- Data
· · · ·
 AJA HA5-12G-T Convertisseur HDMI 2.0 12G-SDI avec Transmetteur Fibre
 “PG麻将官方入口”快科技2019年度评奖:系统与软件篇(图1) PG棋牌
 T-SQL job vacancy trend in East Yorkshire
· · · ·
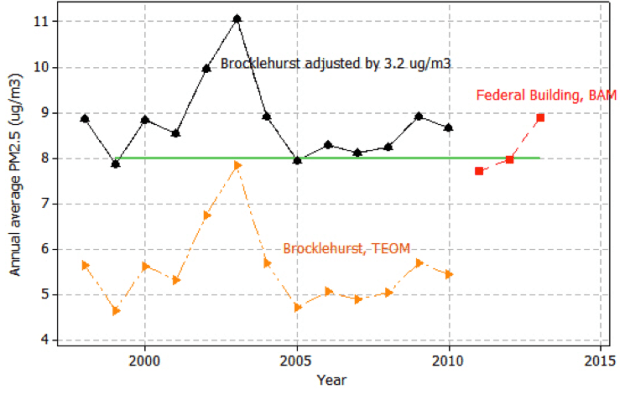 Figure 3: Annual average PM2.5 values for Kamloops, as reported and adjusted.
· · · ·
In the material above, locate the line containing "AJA HA5-12G-T Convertisseur" and the line containing "T-SQL job vacancy trend in East Yorkshire". Transcribe exactly those two lines and every line between them, and nothing more.

- Response to this exercise
 AJA HA5-12G-T Convertisseur HDMI 2.0 12G-SDI avec Transmetteur Fibre
 “PG麻将官方入口”快科技2019年度评奖:系统与软件篇(图1) PG棋牌
 T-SQL job vacancy trend in East Yorkshire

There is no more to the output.